David E. Card
What drives wage inequality?
David Card is a humble economist. But while he may tout himself as an “ordinary guy,” his career has been anything but. From a farm in Canada to the Nobel stage, Card has tackled a wide range of issues and topics spanning from minimum wage, wage inequalities and income distribution to school segregation, gender equality, migration and immigration, and labor contracts, to name a few. His contributions have been vast, and it all began one fateful night when his then-girlfriend who was studying economics, while he majored in physics, asked him for help with a particular mathematical formula. A section on agricultural markets, an area he was well versed in after all his years on a farm, stood out as particularly insightful. He read the entire textbook in a few days, took his first economics class, and the rest is history.
David E. Card
The Sveriges Riksbank Prize in Economic Sciences in Memory of Alfred Nobel, 2021
At a glance
At a glance
Born: 1956, Guelph, Canada
Field: Labor Economics
Awarded: The Sveriges Riksbank Prize in Economic Sciences in Memory of Alfred Nobel, 2021 (shared)
Prize-winning work: Methodological contributions to the analysis of causal relationships
The link between cows and PhDs: He credits growing up on a dairy farm as good training for the regimented, academic life
Rock star problems: With over four decades of research, he says sometimes people are more interested in the classics than hearing the new hits
Important life lesson: “You can't let the perfect be the enemy of the good”
A missing piece: Strongly believes the late economist and longtime collaborator, Alan Krueger, would have shared the prize if still alive
The importance and human element of labor economics
The importance and human element of labor economics
Card will be the first to admit that his branch of economics, labor economics, is often seen as surprisingly unimportant in some ways. While aspirational economists will be introduced to the labor market and wages, they’re studying interest rates, unemployment, and the more macroeconomic, abstract angles. To Card, however, labor economics is one of the most relatable, tangible branches of the field.

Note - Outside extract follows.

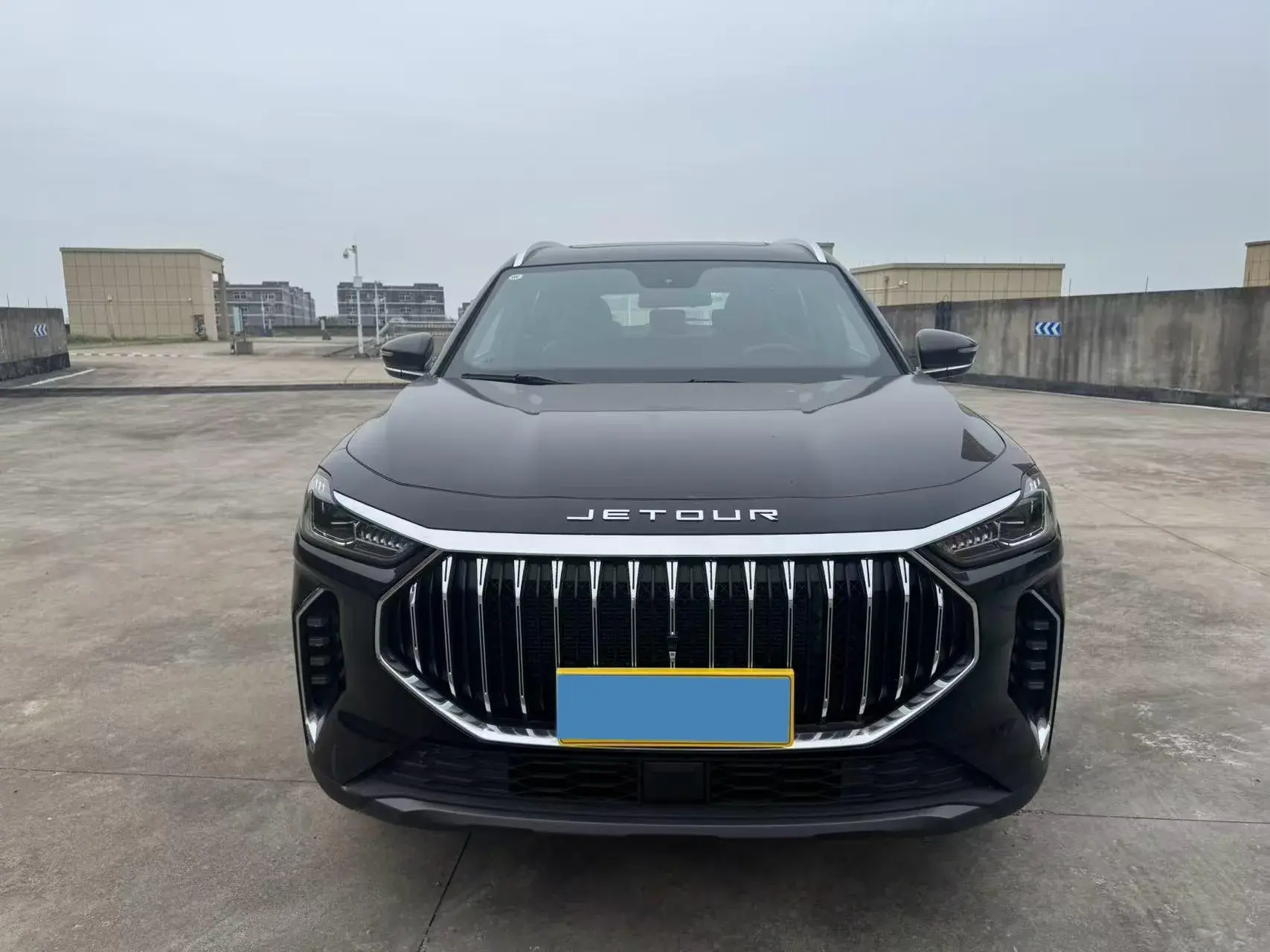 2023 JETOUR X70 thumbnail 2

“The reason why we're important is because early on in the 1980s, we started using large micro datasets to study people,” says Card. “And we focused on questions about how people are succeeding or failing in the labor market, why people are poor, why people are unemployed, or whether it’s valuable to have more education. Those kinds of questions are pretty salient.”
Because of the focus on large datasets and casual questions, labor economics is more scientific, according to Card, and has influenced the rest of economics to move in that direction as well. Labor economists, he says, work much more on the questions of what’s being done and how to analyze that.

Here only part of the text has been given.